> [Exercise prompt] Please copy the leading lines of the entries below exactly, concluding with the line in which "Kylie - Can't" occurs.

Working data START

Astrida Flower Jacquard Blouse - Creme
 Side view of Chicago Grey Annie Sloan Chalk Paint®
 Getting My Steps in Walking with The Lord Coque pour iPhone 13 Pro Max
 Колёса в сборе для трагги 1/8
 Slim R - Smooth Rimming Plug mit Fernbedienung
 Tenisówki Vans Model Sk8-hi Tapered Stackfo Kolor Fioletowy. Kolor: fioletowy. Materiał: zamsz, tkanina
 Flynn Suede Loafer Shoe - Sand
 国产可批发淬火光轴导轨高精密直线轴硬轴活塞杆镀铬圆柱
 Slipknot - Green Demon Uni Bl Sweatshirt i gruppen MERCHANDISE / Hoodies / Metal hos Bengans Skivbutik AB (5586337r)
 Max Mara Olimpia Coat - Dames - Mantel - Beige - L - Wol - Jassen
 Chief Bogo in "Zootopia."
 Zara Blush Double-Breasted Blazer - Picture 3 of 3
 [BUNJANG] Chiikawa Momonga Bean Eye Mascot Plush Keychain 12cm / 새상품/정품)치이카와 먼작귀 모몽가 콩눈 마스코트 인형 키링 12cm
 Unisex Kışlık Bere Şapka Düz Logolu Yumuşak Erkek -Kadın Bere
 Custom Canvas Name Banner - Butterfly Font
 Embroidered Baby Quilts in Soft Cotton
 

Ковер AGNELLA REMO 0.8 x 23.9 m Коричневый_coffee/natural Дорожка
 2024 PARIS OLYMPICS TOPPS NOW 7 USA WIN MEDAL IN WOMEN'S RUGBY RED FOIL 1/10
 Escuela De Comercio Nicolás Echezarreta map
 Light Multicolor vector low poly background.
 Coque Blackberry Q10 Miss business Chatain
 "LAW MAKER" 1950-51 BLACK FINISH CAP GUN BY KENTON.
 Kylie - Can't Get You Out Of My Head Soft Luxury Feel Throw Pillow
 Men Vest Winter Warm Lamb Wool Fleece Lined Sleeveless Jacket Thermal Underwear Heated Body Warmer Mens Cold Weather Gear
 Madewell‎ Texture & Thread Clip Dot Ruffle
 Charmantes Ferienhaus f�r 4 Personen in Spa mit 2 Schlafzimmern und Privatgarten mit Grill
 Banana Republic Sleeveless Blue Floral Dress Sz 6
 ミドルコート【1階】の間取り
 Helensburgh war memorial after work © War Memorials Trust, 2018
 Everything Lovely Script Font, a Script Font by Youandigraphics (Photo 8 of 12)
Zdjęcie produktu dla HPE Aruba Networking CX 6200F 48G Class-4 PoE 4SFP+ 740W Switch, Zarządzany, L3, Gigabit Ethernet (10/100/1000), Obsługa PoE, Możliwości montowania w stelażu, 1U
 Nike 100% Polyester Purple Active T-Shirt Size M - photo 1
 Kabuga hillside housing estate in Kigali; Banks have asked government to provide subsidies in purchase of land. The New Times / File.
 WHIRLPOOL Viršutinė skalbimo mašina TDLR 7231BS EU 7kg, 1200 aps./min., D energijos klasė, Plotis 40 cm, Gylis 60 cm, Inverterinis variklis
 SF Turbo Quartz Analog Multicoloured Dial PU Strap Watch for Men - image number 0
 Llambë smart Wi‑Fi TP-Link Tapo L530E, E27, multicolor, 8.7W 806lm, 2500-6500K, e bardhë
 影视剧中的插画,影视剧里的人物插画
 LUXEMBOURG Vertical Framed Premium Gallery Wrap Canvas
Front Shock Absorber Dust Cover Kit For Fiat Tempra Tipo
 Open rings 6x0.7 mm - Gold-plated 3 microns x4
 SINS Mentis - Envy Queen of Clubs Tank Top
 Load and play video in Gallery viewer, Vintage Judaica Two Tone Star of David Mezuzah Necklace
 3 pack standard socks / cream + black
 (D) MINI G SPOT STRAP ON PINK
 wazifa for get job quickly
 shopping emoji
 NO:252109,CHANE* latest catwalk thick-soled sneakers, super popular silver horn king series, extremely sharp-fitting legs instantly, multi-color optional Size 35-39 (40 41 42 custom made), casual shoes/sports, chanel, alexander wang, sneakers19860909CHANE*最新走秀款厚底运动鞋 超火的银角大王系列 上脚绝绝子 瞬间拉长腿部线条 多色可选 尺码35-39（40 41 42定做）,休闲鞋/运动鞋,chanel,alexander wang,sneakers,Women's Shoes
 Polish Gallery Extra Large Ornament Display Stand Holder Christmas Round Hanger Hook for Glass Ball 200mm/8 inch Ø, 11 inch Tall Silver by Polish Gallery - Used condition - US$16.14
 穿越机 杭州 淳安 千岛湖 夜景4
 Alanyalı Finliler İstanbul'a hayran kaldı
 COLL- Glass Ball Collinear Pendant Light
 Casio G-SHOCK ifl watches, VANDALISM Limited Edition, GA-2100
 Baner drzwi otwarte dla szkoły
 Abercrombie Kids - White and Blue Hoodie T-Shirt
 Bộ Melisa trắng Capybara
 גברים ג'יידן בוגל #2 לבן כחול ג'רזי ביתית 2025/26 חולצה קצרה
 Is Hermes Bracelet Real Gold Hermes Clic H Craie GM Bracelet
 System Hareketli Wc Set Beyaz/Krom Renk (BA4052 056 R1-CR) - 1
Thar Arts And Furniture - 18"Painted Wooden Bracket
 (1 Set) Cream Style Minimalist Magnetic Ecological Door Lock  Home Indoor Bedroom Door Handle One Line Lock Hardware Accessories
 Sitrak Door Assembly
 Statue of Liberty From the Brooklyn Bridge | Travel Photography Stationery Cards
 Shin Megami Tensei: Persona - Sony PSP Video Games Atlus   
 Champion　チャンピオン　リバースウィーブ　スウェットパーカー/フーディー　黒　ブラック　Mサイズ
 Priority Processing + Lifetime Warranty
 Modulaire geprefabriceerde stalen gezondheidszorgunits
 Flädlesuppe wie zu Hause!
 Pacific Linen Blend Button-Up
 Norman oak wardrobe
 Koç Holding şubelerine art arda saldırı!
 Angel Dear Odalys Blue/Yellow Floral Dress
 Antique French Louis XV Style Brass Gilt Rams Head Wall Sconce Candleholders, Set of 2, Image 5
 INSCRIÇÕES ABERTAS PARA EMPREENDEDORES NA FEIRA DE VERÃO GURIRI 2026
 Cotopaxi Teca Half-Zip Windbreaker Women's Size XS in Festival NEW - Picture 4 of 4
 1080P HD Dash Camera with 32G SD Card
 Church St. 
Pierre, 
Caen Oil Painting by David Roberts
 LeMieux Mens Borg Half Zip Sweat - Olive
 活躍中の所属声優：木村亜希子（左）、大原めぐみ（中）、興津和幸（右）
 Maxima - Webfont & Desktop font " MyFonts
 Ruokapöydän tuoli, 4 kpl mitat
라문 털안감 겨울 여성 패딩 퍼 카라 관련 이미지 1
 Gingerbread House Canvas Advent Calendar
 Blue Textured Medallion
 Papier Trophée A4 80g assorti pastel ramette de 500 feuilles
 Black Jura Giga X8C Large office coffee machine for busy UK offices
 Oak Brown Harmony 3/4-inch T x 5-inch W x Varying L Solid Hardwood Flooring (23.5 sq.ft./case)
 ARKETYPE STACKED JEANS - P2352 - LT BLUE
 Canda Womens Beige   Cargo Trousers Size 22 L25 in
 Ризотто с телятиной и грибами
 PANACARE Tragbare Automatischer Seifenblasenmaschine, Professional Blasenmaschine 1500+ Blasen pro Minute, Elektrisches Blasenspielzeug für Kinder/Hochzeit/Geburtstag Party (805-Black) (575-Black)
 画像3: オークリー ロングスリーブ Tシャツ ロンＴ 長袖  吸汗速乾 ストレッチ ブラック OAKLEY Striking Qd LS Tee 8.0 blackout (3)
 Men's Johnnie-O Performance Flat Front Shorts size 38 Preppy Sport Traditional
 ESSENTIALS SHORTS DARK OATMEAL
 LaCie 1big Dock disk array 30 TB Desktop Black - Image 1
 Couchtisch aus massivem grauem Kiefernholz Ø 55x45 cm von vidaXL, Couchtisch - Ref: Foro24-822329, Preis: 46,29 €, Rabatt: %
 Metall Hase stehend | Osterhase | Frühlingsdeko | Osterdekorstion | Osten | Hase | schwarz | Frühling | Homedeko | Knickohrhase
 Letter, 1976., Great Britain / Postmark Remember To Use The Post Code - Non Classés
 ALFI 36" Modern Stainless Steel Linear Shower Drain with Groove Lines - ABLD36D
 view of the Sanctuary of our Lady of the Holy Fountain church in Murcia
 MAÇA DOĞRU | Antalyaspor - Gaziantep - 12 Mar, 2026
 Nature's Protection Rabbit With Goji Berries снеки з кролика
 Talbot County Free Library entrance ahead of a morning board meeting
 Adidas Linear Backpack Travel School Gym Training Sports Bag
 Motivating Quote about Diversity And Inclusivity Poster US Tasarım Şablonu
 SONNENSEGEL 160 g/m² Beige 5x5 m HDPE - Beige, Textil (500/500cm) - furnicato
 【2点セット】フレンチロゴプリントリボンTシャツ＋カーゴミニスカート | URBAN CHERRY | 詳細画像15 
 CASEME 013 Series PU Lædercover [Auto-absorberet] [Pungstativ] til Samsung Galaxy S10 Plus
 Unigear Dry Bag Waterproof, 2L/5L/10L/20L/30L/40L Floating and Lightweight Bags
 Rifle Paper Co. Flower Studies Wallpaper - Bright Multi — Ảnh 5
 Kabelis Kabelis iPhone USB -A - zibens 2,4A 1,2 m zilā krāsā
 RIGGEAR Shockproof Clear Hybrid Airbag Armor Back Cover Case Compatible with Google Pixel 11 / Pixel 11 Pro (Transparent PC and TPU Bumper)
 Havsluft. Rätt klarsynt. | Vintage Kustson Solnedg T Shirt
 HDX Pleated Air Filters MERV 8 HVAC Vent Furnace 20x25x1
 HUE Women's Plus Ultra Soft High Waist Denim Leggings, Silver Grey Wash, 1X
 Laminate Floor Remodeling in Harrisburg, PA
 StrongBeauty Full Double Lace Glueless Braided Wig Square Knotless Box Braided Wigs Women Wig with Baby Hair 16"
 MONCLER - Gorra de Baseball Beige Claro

Working data END

> [Your response]
Astrida Flower Jacquard Blouse - Creme
 Side view of Chicago Grey Annie Sloan Chalk Paint®
 Getting My Steps in Walking with The Lord Coque pour iPhone 13 Pro Max
 Колёса в сборе для трагги 1/8
 Slim R - Smooth Rimming Plug mit Fernbedienung
 Tenisówki Vans Model Sk8-hi Tapered Stackfo Kolor Fioletowy. Kolor: fioletowy. Materiał: zamsz, tkanina
 Flynn Suede Loafer Shoe - Sand
 国产可批发淬火光轴导轨高精密直线轴硬轴活塞杆镀铬圆柱
 Slipknot - Green Demon Uni Bl Sweatshirt i gruppen MERCHANDISE / Hoodies / Metal hos Bengans Skivbutik AB (5586337r)
 Max Mara Olimpia Coat - Dames - Mantel - Beige - L - Wol - Jassen
 Chief Bogo in "Zootopia."
 Zara Blush Double-Breasted Blazer - Picture 3 of 3
 [BUNJANG] Chiikawa Momonga Bean Eye Mascot Plush Keychain 12cm / 새상품/정품)치이카와 먼작귀 모몽가 콩눈 마스코트 인형 키링 12cm
 Unisex Kışlık Bere Şapka Düz Logolu Yumuşak Erkek -Kadın Bere
 Custom Canvas Name Banner - Butterfly Font
 Embroidered Baby Quilts in Soft Cotton
 

Ковер AGNELLA REMO 0.8 x 23.9 m Коричневый_coffee/natural Дорожка
 2024 PARIS OLYMPICS TOPPS NOW 7 USA WIN MEDAL IN WOMEN'S RUGBY RED FOIL 1/10
 Escuela De Comercio Nicolás Echezarreta map
 Light Multicolor vector low poly background.
 Coque Blackberry Q10 Miss business Chatain
 "LAW MAKER" 1950-51 BLACK FINISH CAP GUN BY KENTON.
 Kylie - Can't Get You Out Of My Head Soft Luxury Feel Throw Pillow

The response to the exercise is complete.